## Required work:
Go through the records that follow and tally the lines with "White" in them; answer with the number alone.

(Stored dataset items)
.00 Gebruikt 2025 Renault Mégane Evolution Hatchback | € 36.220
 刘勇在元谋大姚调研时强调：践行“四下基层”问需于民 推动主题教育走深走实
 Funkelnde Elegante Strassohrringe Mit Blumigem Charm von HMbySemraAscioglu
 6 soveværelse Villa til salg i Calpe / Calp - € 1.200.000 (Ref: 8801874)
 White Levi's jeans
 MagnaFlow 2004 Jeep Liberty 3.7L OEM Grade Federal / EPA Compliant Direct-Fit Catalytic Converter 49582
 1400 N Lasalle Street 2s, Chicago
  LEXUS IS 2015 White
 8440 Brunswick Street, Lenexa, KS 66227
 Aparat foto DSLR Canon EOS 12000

## Answer:
2